• _What you have to do_:
Within the entries below, the lines from the one with "Joris Hoefnagel Iris, Brown" through the one with "LangJing Girl's Jean" are to be set down exactly, both ends kept.
___ Excerpted records ___
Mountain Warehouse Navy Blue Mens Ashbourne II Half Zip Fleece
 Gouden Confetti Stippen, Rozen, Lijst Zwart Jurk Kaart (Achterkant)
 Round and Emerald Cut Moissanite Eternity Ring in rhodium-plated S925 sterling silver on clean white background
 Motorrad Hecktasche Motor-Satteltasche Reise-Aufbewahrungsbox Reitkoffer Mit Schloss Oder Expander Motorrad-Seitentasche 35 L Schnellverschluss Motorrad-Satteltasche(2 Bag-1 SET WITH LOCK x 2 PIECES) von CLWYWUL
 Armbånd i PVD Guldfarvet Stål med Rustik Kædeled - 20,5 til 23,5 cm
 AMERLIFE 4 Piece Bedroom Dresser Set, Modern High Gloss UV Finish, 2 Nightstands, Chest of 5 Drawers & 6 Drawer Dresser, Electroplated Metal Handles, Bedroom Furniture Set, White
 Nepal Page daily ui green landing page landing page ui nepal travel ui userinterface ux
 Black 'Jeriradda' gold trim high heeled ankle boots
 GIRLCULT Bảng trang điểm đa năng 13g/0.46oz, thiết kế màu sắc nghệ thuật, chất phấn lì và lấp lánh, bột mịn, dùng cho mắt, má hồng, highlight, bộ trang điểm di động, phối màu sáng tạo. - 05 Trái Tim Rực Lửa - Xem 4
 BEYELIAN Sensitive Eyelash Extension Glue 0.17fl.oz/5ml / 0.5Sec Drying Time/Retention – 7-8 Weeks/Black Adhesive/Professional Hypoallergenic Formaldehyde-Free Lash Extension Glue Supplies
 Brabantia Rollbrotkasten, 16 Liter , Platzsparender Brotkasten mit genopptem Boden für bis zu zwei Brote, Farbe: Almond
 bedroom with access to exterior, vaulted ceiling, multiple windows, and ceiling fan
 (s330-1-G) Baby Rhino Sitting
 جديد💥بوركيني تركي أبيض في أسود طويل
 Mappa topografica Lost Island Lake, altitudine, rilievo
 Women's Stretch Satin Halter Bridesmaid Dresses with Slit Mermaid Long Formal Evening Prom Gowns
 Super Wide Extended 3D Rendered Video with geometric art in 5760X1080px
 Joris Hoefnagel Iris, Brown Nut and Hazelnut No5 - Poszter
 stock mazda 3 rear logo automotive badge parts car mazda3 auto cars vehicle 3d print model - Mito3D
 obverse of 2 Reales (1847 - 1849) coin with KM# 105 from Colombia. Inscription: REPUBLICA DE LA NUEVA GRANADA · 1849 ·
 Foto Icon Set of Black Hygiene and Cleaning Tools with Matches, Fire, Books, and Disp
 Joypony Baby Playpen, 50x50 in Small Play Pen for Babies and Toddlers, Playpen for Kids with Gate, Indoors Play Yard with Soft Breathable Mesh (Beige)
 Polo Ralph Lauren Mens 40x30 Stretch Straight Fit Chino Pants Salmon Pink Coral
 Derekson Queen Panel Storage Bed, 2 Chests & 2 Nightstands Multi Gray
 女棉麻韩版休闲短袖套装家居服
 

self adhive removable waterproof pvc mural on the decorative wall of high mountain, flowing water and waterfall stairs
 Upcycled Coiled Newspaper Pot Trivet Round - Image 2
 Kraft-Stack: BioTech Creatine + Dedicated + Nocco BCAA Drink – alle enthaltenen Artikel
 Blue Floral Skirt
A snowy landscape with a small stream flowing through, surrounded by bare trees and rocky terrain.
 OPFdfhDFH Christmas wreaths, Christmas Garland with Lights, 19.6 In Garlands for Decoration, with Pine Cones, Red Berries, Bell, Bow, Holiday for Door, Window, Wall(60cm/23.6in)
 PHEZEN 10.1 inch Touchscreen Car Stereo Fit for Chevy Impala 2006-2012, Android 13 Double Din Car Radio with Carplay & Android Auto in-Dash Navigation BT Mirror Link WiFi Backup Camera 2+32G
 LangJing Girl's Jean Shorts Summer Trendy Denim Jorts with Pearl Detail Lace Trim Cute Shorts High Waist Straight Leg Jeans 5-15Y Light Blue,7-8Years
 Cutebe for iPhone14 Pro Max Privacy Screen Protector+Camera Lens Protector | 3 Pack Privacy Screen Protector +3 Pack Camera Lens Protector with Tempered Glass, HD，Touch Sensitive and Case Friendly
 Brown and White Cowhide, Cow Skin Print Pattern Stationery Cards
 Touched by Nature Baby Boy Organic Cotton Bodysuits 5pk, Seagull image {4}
___
• _Answer for this exercise_:
 Joris Hoefnagel Iris, Brown Nut and Hazelnut No5 - Poszter
 stock mazda 3 rear logo automotive badge parts car mazda3 auto cars vehicle 3d print model - Mito3D
 obverse of 2 Reales (1847 - 1849) coin with KM# 105 from Colombia. Inscription: REPUBLICA DE LA NUEVA GRANADA · 1849 ·
 Foto Icon Set of Black Hygiene and Cleaning Tools with Matches, Fire, Books, and Disp
 Joypony Baby Playpen, 50x50 in Small Play Pen for Babies and Toddlers, Playpen for Kids with Gate, Indoors Play Yard with Soft Breathable Mesh (Beige)
 Polo Ralph Lauren Mens 40x30 Stretch Straight Fit Chino Pants Salmon Pink Coral
 Derekson Queen Panel Storage Bed, 2 Chests & 2 Nightstands Multi Gray
 女棉麻韩版休闲短袖套装家居服
 

self adhive removable waterproof pvc mural on the decorative wall of high mountain, flowing water and waterfall stairs
 Upcycled Coiled Newspaper Pot Trivet Round - Image 2
 Kraft-Stack: BioTech Creatine + Dedicated + Nocco BCAA Drink – alle enthaltenen Artikel
 Blue Floral Skirt
A snowy landscape with a small stream flowing through, surrounded by bare trees and rocky terrain.
 OPFdfhDFH Christmas wreaths, Christmas Garland with Lights, 19.6 In Garlands for Decoration, with Pine Cones, Red Berries, Bell, Bow, Holiday for Door, Window, Wall(60cm/23.6in)
 PHEZEN 10.1 inch Touchscreen Car Stereo Fit for Chevy Impala 2006-2012, Android 13 Double Din Car Radio with Carplay & Android Auto in-Dash Navigation BT Mirror Link WiFi Backup Camera 2+32G
 LangJing Girl's Jean Shorts Summer Trendy Denim Jorts with Pearl Detail Lace Trim Cute Shorts High Waist Straight Leg Jeans 5-15Y Light Blue,7-8Years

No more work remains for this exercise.